▶ Problem:
The copy must match the data below line for line and contain no images.

▶ Supplied information:
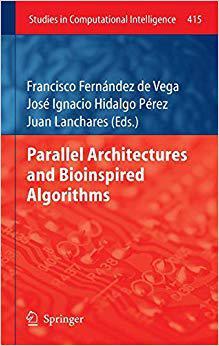 【预订】Parallel Architectures and Bioinspired Algorithms 9783642287886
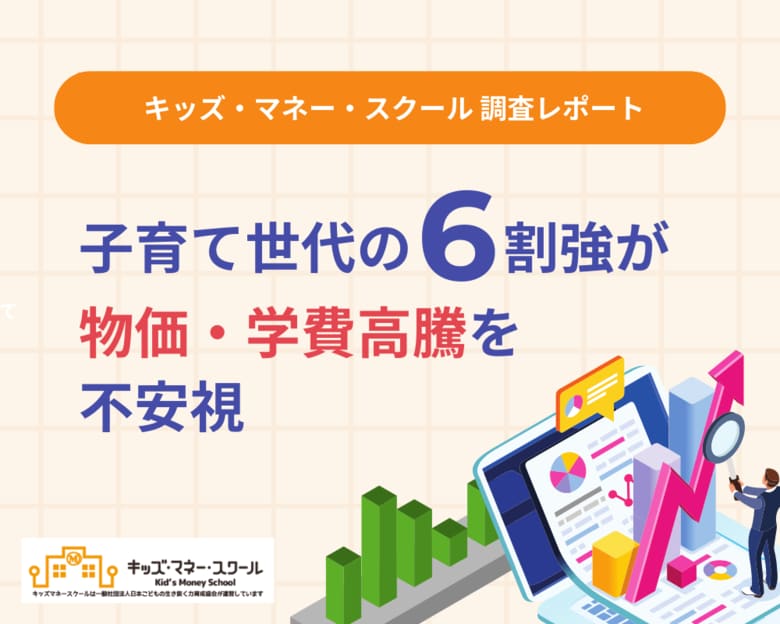 子育て世代の6割強が「物価・学費高騰」を不安視。【キッズ・マネー・スクール 調査レポート】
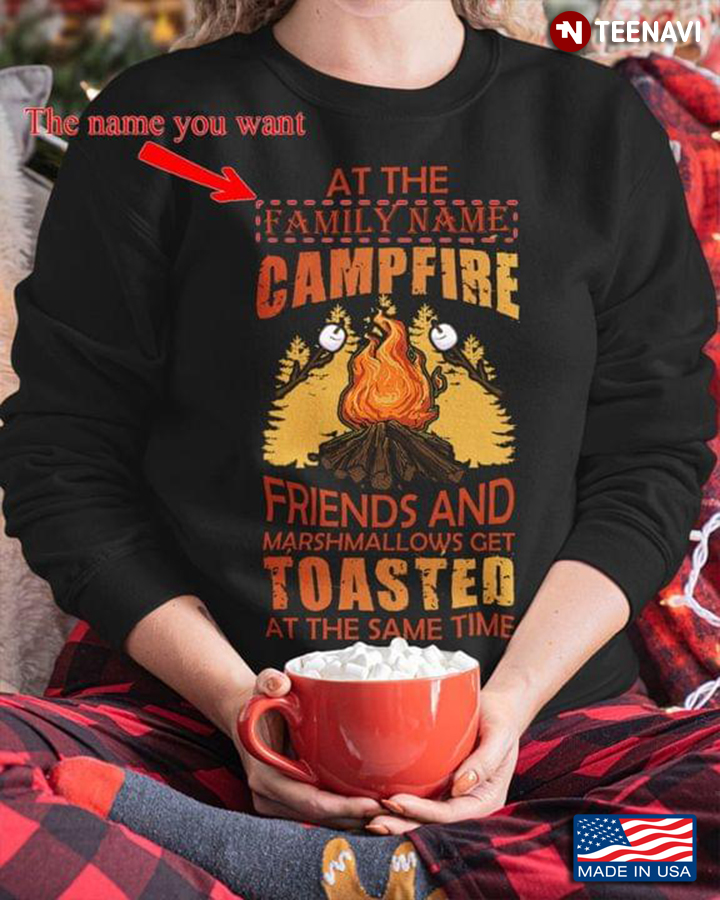 Personalized Custom Name At The Family Name Campfire Friends And Marshmallows Get Toasted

▶ Task response:
 【预订】Parallel Architectures and Bioinspired Algorithms 9783642287886
 子育て世代の6割強が「物価・学費高騰」を不安視。【キッズ・マネー・スクール 調査レポート】
 Personalized Custom Name At The Family Name Campfire Friends And Marshmallows Get Toasted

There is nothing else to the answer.